All of the data below should be repeated exactly. Pictures should not be included.

**Collected material**:
########################################

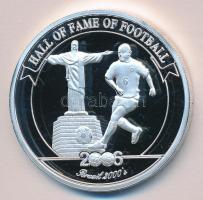 Uganda 2006. 2000Sh Ag "Futball hírességei - Brazília Roberto Carlos" T:PP tanúsítvánnyal
...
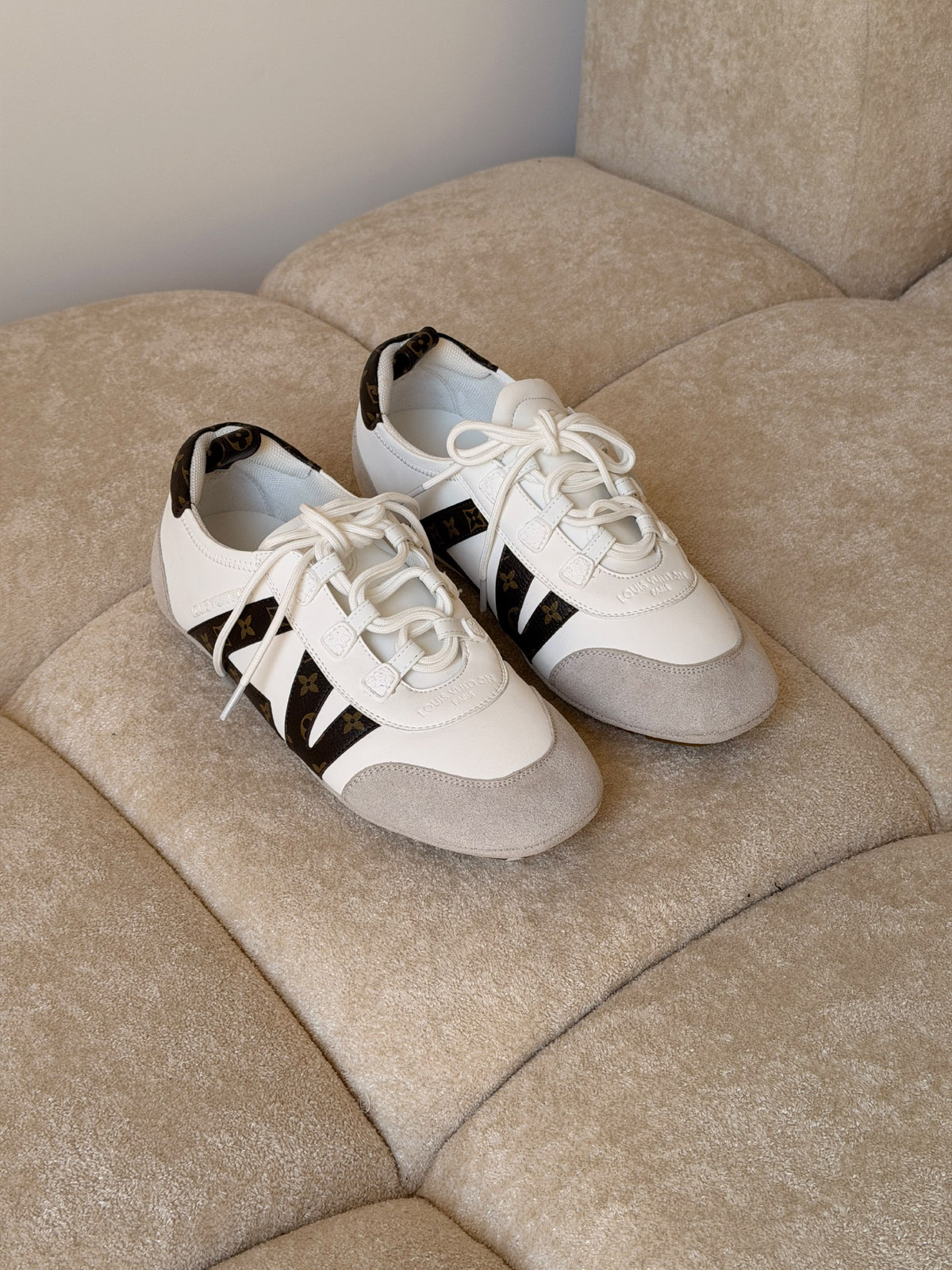 Louis Vuitton Contrast-Panel Sneakers - White & Black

########################################

**Result of this task**:
 Uganda 2006. 2000Sh Ag "Futball hírességei - Brazília Roberto Carlos" T:PP tanúsítvánnyal
...
 Louis Vuitton Contrast-Panel Sneakers - White & Black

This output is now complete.